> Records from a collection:
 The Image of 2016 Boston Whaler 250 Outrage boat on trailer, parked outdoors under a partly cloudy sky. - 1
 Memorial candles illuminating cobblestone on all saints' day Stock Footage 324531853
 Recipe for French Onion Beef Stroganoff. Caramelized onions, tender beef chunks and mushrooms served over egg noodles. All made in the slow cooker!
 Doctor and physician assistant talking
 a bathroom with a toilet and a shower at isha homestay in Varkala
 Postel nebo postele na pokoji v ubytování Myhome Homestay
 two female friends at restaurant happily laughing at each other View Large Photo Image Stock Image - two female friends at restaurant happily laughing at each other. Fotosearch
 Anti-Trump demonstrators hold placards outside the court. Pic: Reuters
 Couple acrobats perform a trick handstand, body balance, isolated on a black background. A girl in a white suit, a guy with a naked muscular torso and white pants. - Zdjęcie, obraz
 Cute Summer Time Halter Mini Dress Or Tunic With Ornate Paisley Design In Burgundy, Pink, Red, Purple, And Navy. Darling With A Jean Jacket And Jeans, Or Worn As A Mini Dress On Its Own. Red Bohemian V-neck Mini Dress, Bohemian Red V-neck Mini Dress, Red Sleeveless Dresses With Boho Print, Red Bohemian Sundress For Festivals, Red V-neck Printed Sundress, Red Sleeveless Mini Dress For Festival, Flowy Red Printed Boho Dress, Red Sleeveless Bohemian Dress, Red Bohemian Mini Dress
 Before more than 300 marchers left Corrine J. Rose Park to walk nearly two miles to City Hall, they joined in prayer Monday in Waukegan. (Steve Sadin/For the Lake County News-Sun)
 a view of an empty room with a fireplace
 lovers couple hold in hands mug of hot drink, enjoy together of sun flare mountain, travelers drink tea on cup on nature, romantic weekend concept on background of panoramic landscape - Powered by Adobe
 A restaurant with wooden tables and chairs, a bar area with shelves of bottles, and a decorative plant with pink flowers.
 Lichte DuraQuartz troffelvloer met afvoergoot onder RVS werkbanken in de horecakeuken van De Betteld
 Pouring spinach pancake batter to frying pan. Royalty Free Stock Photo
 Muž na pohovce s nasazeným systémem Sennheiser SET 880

> Required action:
The line with "Pouring spinach pancake" and every line after it up to the end of the entries: output those exactly, and only those.

> Result:
 Pouring spinach pancake batter to frying pan. Royalty Free Stock Photo
 Muž na pohovce s nasazeným systémem Sennheiser SET 880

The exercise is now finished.